Tariffs will mainly concern the manufacturing, engine of regional growth, more than services or agriculture, a sector still very sensitive politically and makes many inhabitants live. According to the analysis conducted in 2020 by the Peterson Institute for International Economics, a US study center, this agreement is expected to increase by 0.2% of the GDP of its signatory countries, in particular that of Japan, China and the South Korea.
At them three, these countries account for 80% of the GDP of the new commercial block, and they are not part, unlike the countries of Southeast Asia meeting in the Association of Nations of South Asia. East (ASEAN), a free trade agreement in the region. This is the first time that an ambitious commercial treaty links these three economic trucks. Takashi Terada, Professor at Doshisha University of Kyoto, goes even up to qualify the RCEP of “Free Trade Agreement between China and Japan”, given the important gains recorded by these two economies.
“New Gravity Center” of World Trade
The United Nations Conference on Trade and Development (UNCTAD), which qualifies the RCEP of “new center of gravity” of world trade, believes that it will increase the exchanges in this block of 2%, or about 42 billions of dollars (37 billion euros).
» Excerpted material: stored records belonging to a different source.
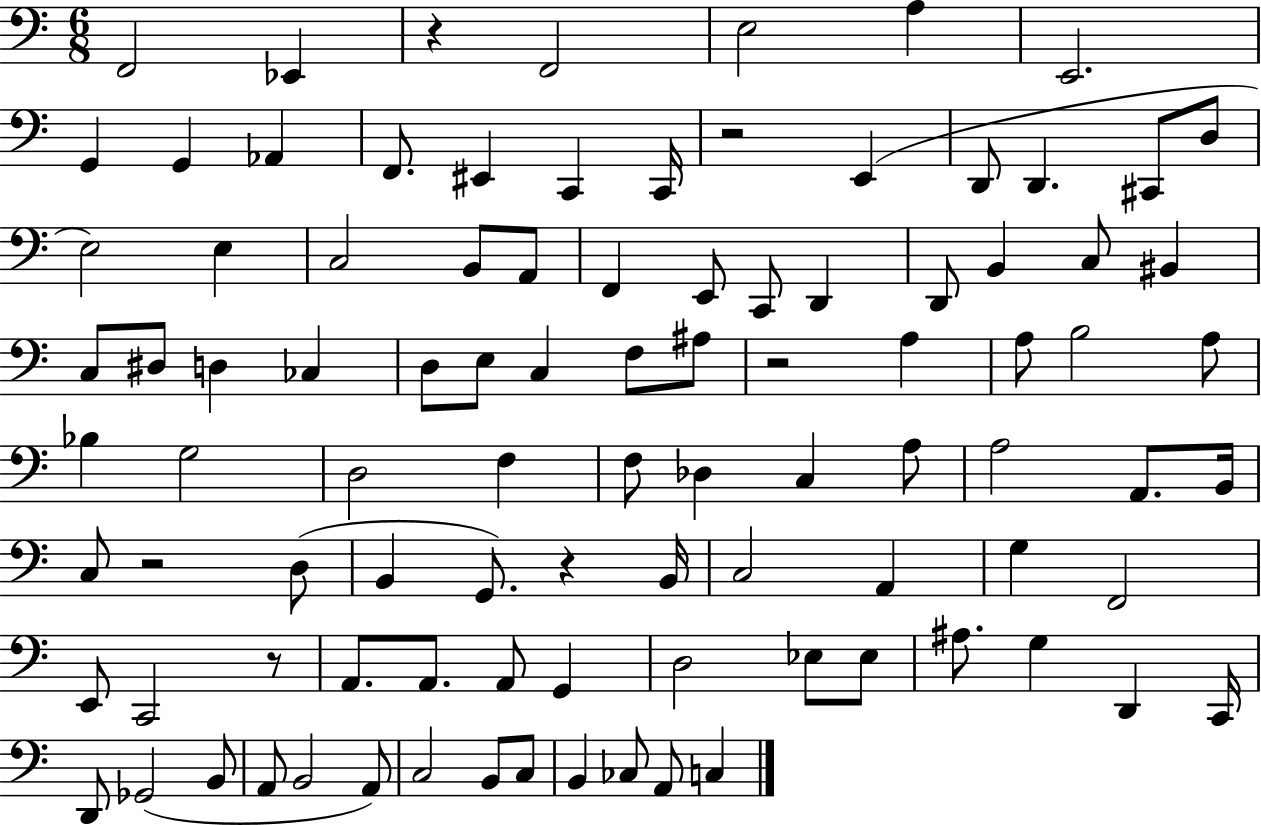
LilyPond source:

{
  \clef bass
  \numericTimeSignature
  \time 6/8
  \key c \major
  f,2 ees,4 | r4 f,2 | e2 a4 | e,2. | \break g,4 g,4 aes,4 | f,8. eis,4 c,4 c,16 | r2 e,4( | d,8 d,4. cis,8 d8 | \break e2) e4 | c2 b,8 a,8 | f,4 e,8 c,8 d,4 | d,8 b,4 c8 bis,4 | \break c8 dis8 d4 ces4 | d8 e8 c4 f8 ais8 | r2 a4 | a8 b2 a8 | \break bes4 g2 | d2 f4 | f8 des4 c4 a8 | a2 a,8. b,16 | \break c8 r2 d8( | b,4 g,8.) r4 b,16 | c2 a,4 | g4 f,2 | \break e,8 c,2 r8 | a,8. a,8. a,8 g,4 | d2 ees8 ees8 | ais8. g4 d,4 c,16 | \break d,8 ges,2( b,8 | a,8 b,2 a,8) | c2 b,8 c8 | b,4 ces8 a,8 c4 | \break \bar "|."
}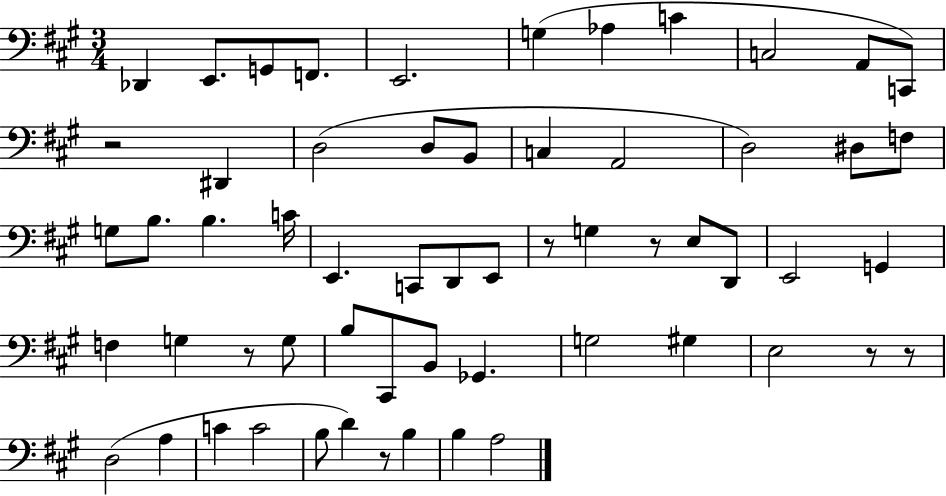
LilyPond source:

{
  \clef bass
  \numericTimeSignature
  \time 3/4
  \key a \major
  des,4 e,8. g,8 f,8. | e,2. | g4( aes4 c'4 | c2 a,8 c,8) | \break r2 dis,4 | d2( d8 b,8 | c4 a,2 | d2) dis8 f8 | \break g8 b8. b4. c'16 | e,4. c,8 d,8 e,8 | r8 g4 r8 e8 d,8 | e,2 g,4 | \break f4 g4 r8 g8 | b8 cis,8 b,8 ges,4. | g2 gis4 | e2 r8 r8 | \break d2( a4 | c'4 c'2 | b8 d'4) r8 b4 | b4 a2 | \break \bar "|."
}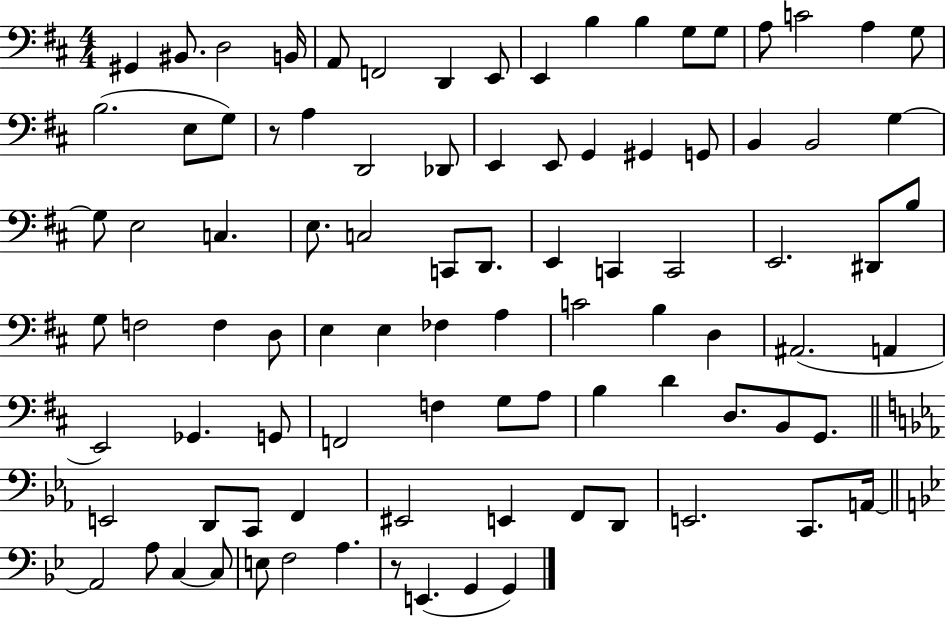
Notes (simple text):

G#2/q BIS2/e. D3/h B2/s A2/e F2/h D2/q E2/e E2/q B3/q B3/q G3/e G3/e A3/e C4/h A3/q G3/e B3/h. E3/e G3/e R/e A3/q D2/h Db2/e E2/q E2/e G2/q G#2/q G2/e B2/q B2/h G3/q G3/e E3/h C3/q. E3/e. C3/h C2/e D2/e. E2/q C2/q C2/h E2/h. D#2/e B3/e G3/e F3/h F3/q D3/e E3/q E3/q FES3/q A3/q C4/h B3/q D3/q A#2/h. A2/q E2/h Gb2/q. G2/e F2/h F3/q G3/e A3/e B3/q D4/q D3/e. B2/e G2/e. E2/h D2/e C2/e F2/q EIS2/h E2/q F2/e D2/e E2/h. C2/e. A2/s A2/h A3/e C3/q C3/e E3/e F3/h A3/q. R/e E2/q. G2/q G2/q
These gains come from the decline in tariffs, but especially the diversion of part of the exchanges with the rest of the world.
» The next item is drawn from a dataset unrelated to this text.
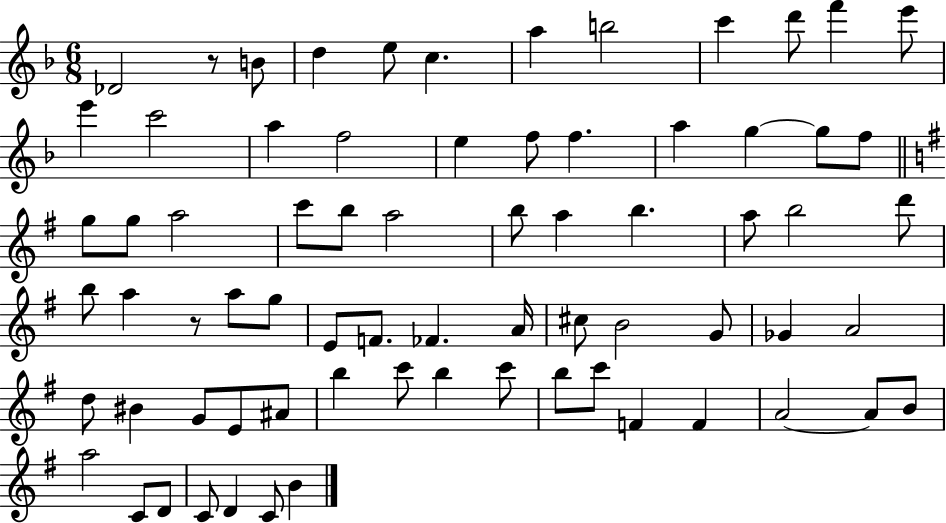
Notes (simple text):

Db4/h R/e B4/e D5/q E5/e C5/q. A5/q B5/h C6/q D6/e F6/q E6/e E6/q C6/h A5/q F5/h E5/q F5/e F5/q. A5/q G5/q G5/e F5/e G5/e G5/e A5/h C6/e B5/e A5/h B5/e A5/q B5/q. A5/e B5/h D6/e B5/e A5/q R/e A5/e G5/e E4/e F4/e. FES4/q. A4/s C#5/e B4/h G4/e Gb4/q A4/h D5/e BIS4/q G4/e E4/e A#4/e B5/q C6/e B5/q C6/e B5/e C6/e F4/q F4/q A4/h A4/e B4/e A5/h C4/e D4/e C4/e D4/q C4/e B4/q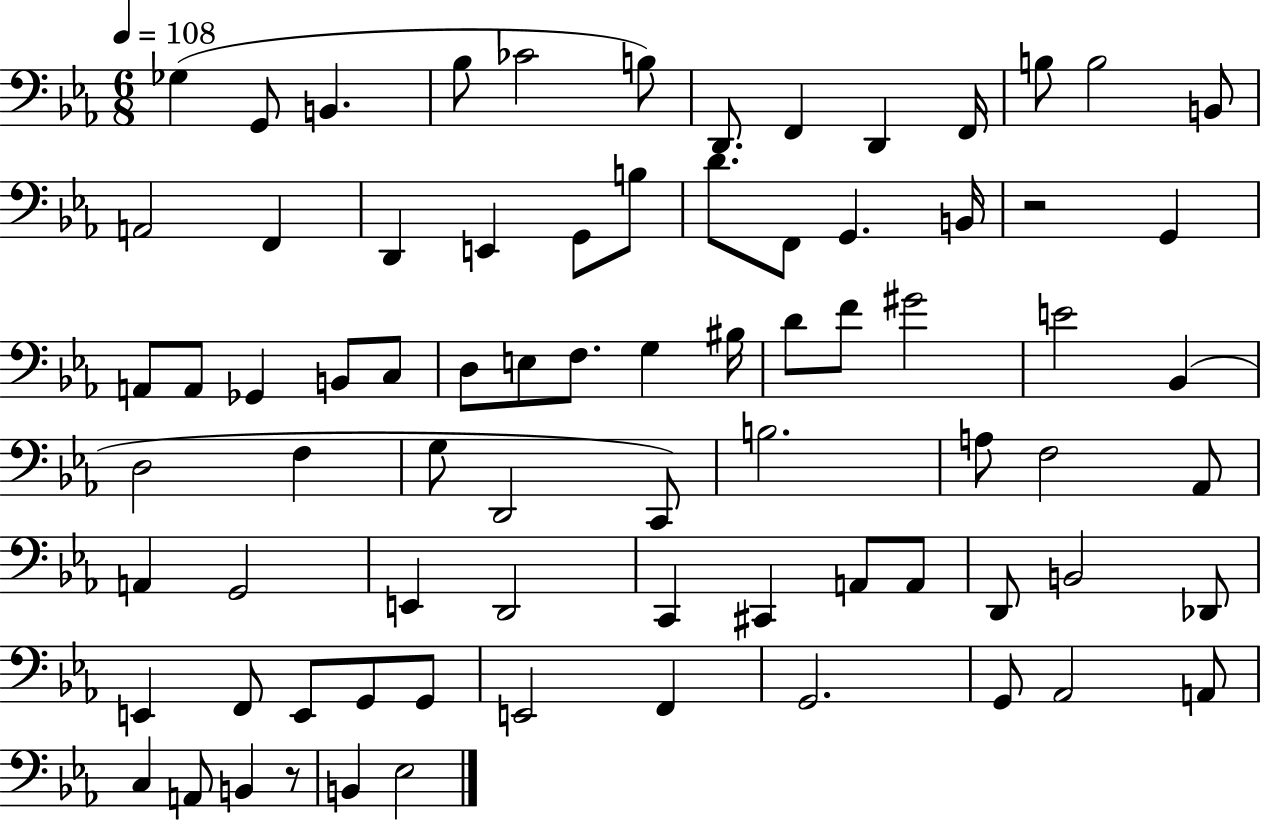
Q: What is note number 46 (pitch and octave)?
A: A3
The exports of the European Union and the United States to the region are expected to decrease by 2% and 1%, respectively. Those of South Asia will be the most impacted, including Bangladesh (- 12%), Pakistan (- 4%) and India (- 2%). “The whole world will benefit from this agreement, as it will increase the revenues available in the region, which will offer better opportunities to exporters from other continents”, however, relativize Cyn-Young Park, responsible for regional cooperation at the Asian Bank. development.